--- DATASET RECORDS ---

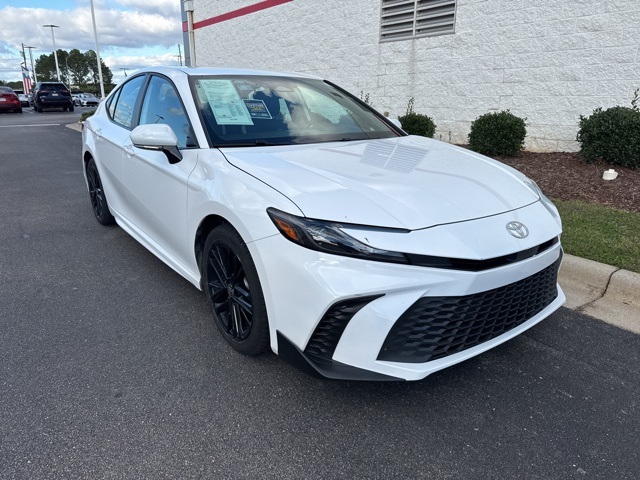 2025 Toyota Camry SE's photo
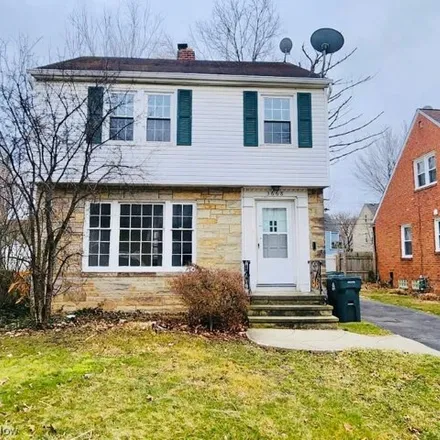 Buy this 3 bed house on 3674 Grosvenor Road in Cleveland Heights, OH 44118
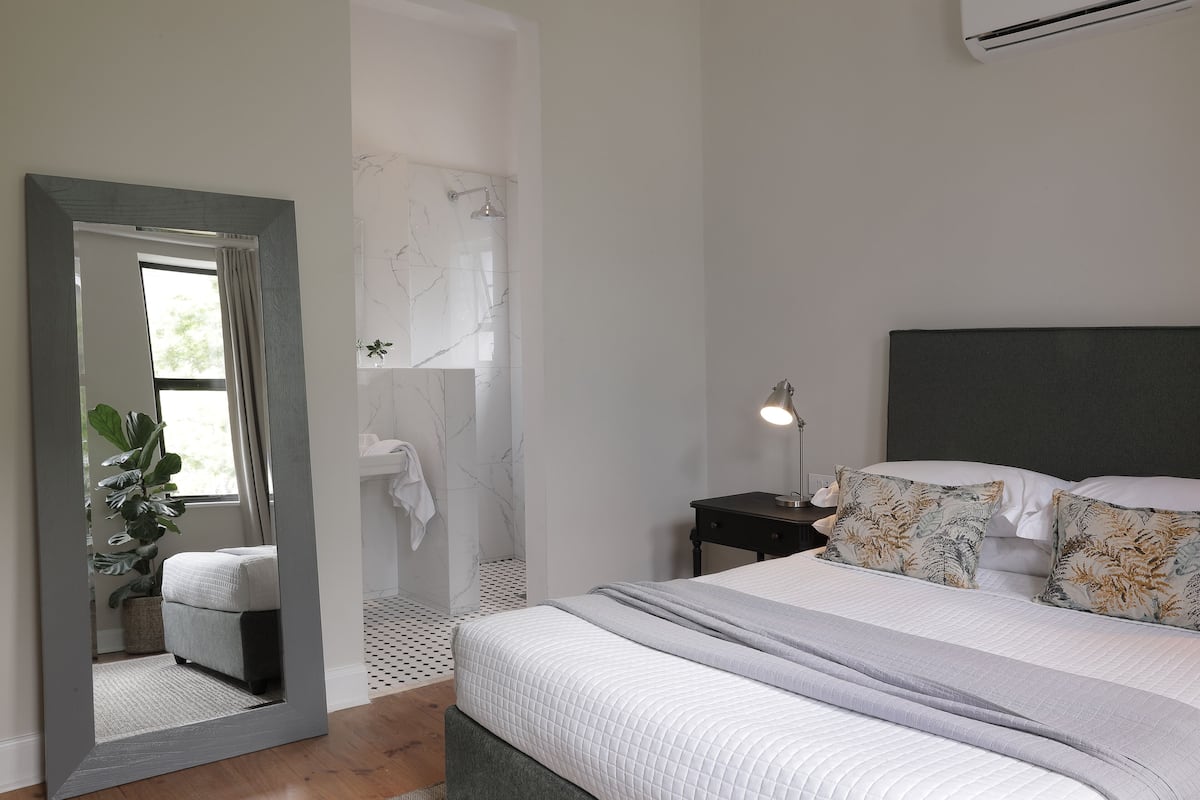 Luxe kamer | 1 slaapkamer, luxe beddengoed, een minibar, een kluis op de kamer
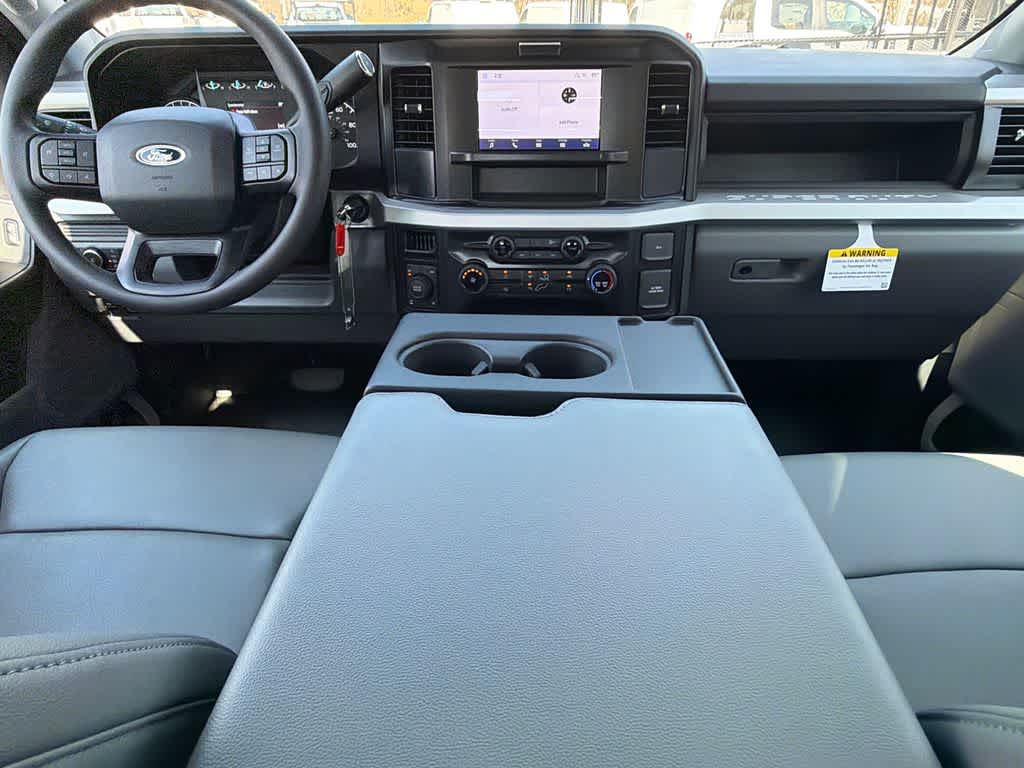 Thumbnail: 2025 Ford F-350 - 48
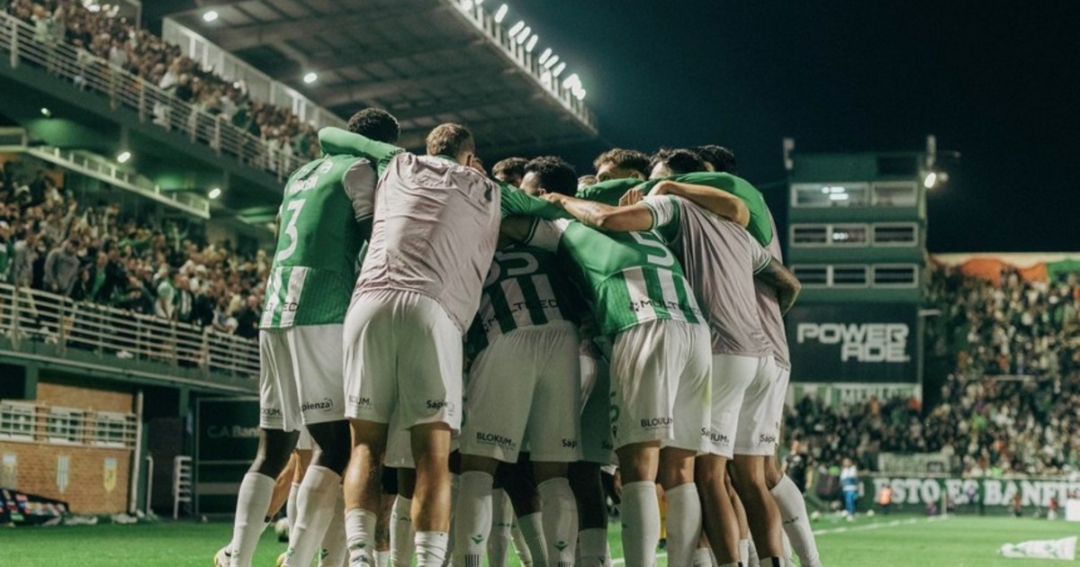 Banfield y Huracán en crisis: debut del Clausura lleno de dificultades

---

Your copy of the records must match them exactly, except that no pictures appear in it.

### SOLUTION FOR THIS EXERCISE
 2025 Toyota Camry SE's photo
 Buy this 3 bed house on 3674 Grosvenor Road in Cleveland Heights, OH 44118
 Luxe kamer | 1 slaapkamer, luxe beddengoed, een minibar, een kluis op de kamer
 Thumbnail: 2025 Ford F-350 - 48
 Banfield y Huracán en crisis: debut del Clausura lleno de dificultades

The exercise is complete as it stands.